Two worker-owners repaired bicycles in a back room of the the Hub Bike Co-Op’s flagship store in south Minneapolis on Monday, lamenting their decision to close the 22-year-old bike shop for good.
Even if closing is the right thing to do for the business financially, “I’m pretty sad about it,” Cristina Montoya said while replacing the chain and pedals on a road bike. “For a lot of us, or especially for the worker-ownership, you’re putting a lot of yourself into the business, not only with work, but your personal time as well.”
The Minneapolis bike shop has announced it will close both of its locations — at 3020 Minnehaha Av. and 401 SE. Oak St. on the University of Minnesota campus — at the end of the work day on Sept. 30, following a unanimous vote by the owners.
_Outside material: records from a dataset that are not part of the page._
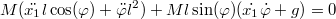 $$M({\ddot{x_1}}l\cos(\varphi)+{\ddot{\varphi}}l^2)+Ml\sin(\varphi)(\dot{x_1}\dot{\varphi}+g)=0$$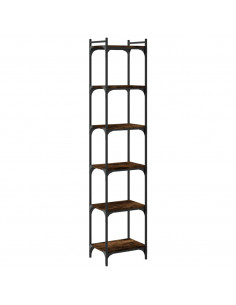 Libreria a 6 Ripiani Rovere Fumo 40x30x188 cm Legno Multistrato 2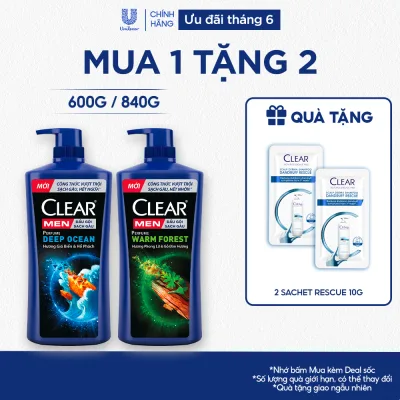 Dầu Gội Đầu CLEAR MEN Perfume Đánh Bay Gàu Ngứa Và Lưu Hương Nước Hoa Đẳng Cấp 600G/840G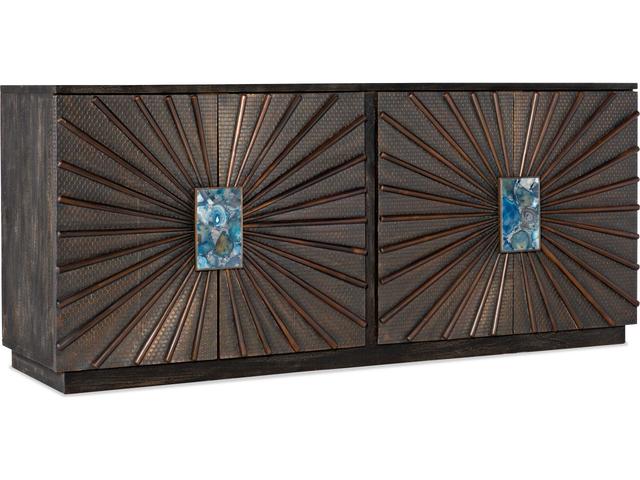 Melange Tara 84" Hardwood Black Credenza Sideboard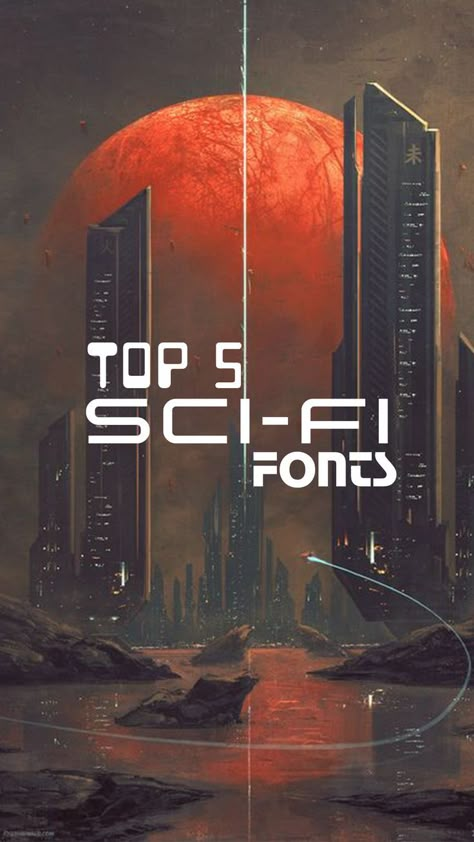 Top 5 Sci-Fi Fonts Sci Fi Typography Design, Book Cover Design Sci Fi, Sci Fi Lettering, Sci Fi Writing Tips, Sci Fi Poster Design, Scifi Graphic Design, Scifi Typography, Sci Fi Typography, Sci Fi Graphic Design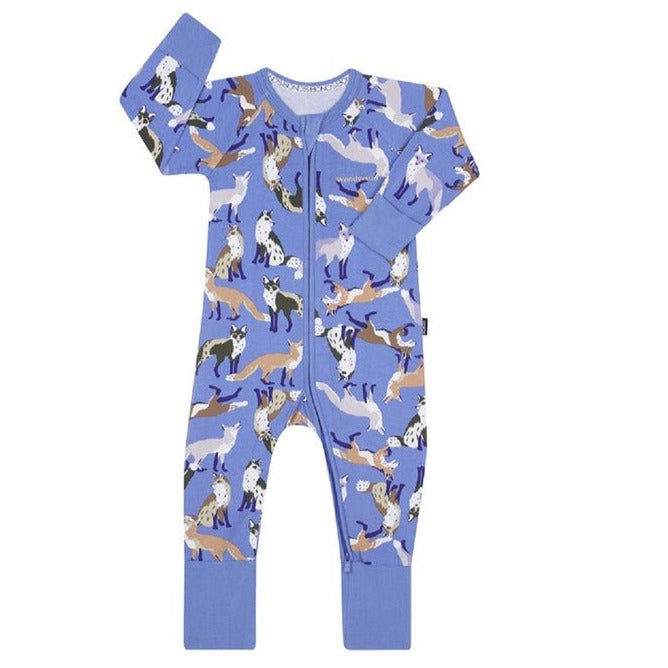 Bambinista-BONDS-Bottoms-BONDS Zip Wondersuit Baby Romper - Little Fox Sea Change Blue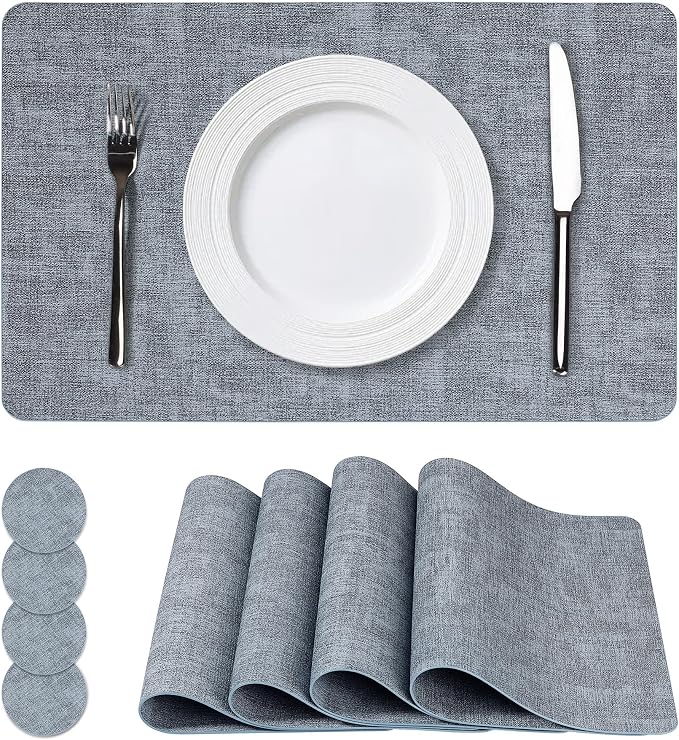 Vinyl Placemats Set of 4, Faux Leather Waterproof and Heat Resistant Place Mats by NCUE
It marks the closure of the city’s only for-profit, worker-owned bicycle store.
Changes in the bicycling industry led to the decision, six owner-workers said in a letter posted to customers and neighbors on its website. The Hub sold various types of bikes, offered do-it-yourself work spaces and held classes on bike repair and maintenance.
As he replaced a couple of tires, employee-owner Brian Dowdy said a decline in consumer demand for bicycles followed a spike during the start of the pandemic in 2020.
“At some point, the demand just dried up,” Dowdy said. “People went back to work, were cycling less and lots of folks sold their bikes used, so the used market was also saturated.”
The lower demand led to bicycle manufacturers reducing suggested retail prices, which in turn reduced the Hub’s profit margins, Dowdy said. The trend of buying bicycles online, directly from manufacturers, also continued, Dowdy said, making survival harder for brick-and-mortar stores.
“This is not the fate that any current or former Worker Owners wished to see,” the owners wrote in their letter. “The industry trends we had hoped would turn around since 2020 never came to fruition. Under the advice of our financial coordinators and the current outlook based on how this year has proceeded, there is simply not a path for The Hub to survive the winter and reemerge in the spring.”